Beer. I like beer. Probably because I'm Irish, more likely because I have an addictive personality.
Whatever.
i recently drank a "beer" that destroyed the love affair, Pyramid Brewery's Apricot Ale. Here is the text of the e-mail I sent them earlier tnioght:
Dear Sirs and Madams of the Pyramid Brewery,
I bought a sixer of your Thunderhead IPA (excellent, by the way, preserving the floral nature
of the hops while giving the beer a kick without bitterness) and didn't notice in the course of the
night that a single bottle of your Apricot Ale was hidden amongst the delicious IPA. While there
were three of us, I managed to lose our Irish Roulette, and ended up with your bottle of Apricot Ale.

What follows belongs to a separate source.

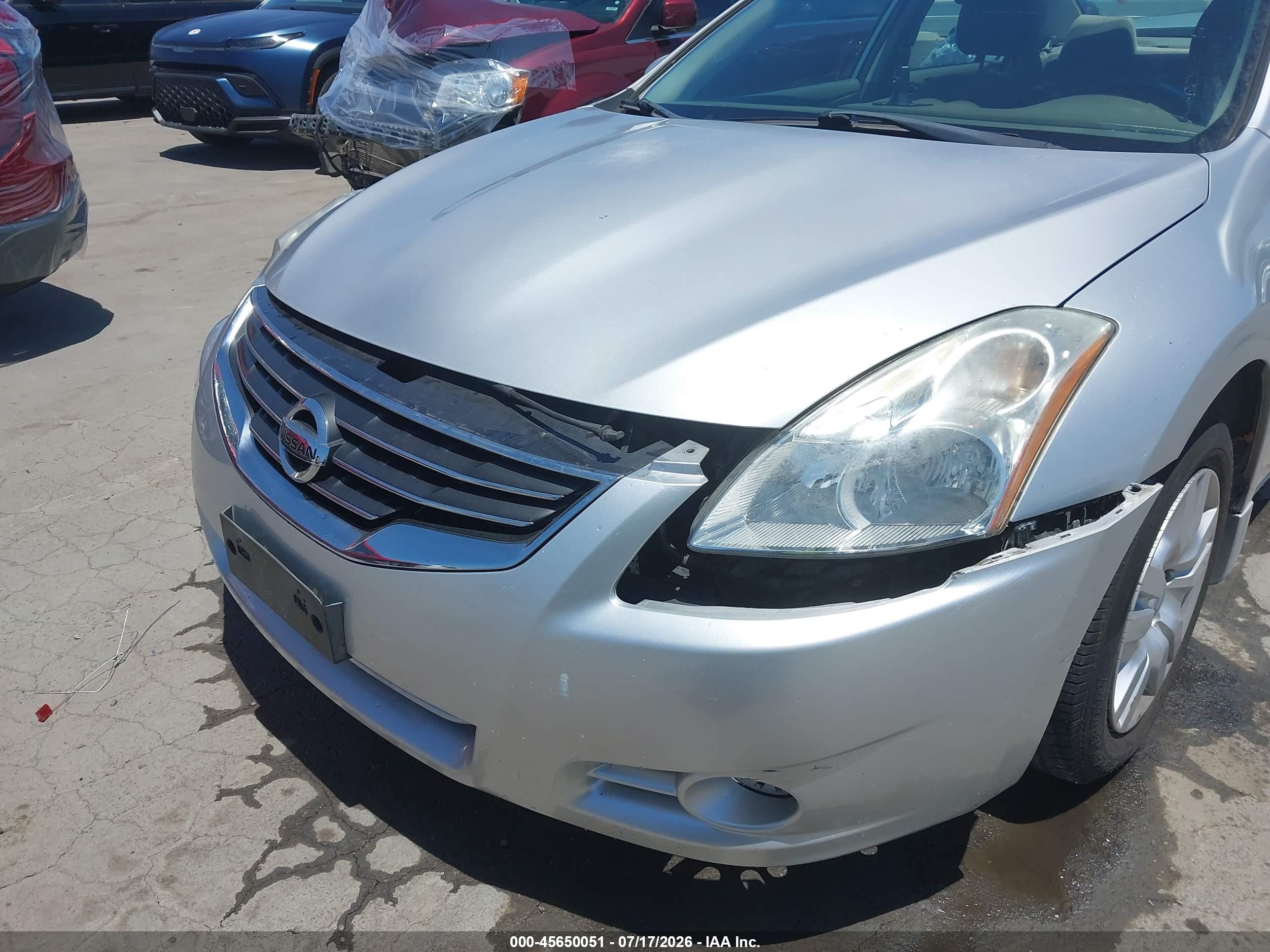 2011 Nissan Altima 2.5 S Серебряный vin: 1N4AL2AP0BN504952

I never looked at the label on the beer when it was passed to me, and, as I always do, I took a big,
long swig of the beer.
Baby vomit, rotten fruit, a graveyard's armpit. All of those things would have been preferable
to what I tasted when I drank that insidiously long sip. It tastes like an apricot orchard in a graveyard
got left to rot in 100 degree weather while goats urinated on the fallen fruit before you guys picked it
up and made beer out of it.
I can still taste it on my tongue, and I drank it three days ago.
Sincerely,
Brendan McMannis
Yes, it is that bad.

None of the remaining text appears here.